### ASSIGNMENT
Copy exactly, and only, the lines from the one containing "Pepperoni pizza with red onion" through the last line of the records below.

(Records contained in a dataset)
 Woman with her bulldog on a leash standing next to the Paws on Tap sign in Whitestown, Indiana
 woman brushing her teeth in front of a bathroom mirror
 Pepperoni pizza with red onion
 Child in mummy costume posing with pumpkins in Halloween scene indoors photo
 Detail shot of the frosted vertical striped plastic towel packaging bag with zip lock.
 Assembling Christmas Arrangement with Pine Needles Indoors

### EXPECTED ANSWER
 Pepperoni pizza with red onion
 Child in mummy costume posing with pumpkins in Halloween scene indoors photo
 Detail shot of the frosted vertical striped plastic towel packaging bag with zip lock.
 Assembling Christmas Arrangement with Pine Needles Indoors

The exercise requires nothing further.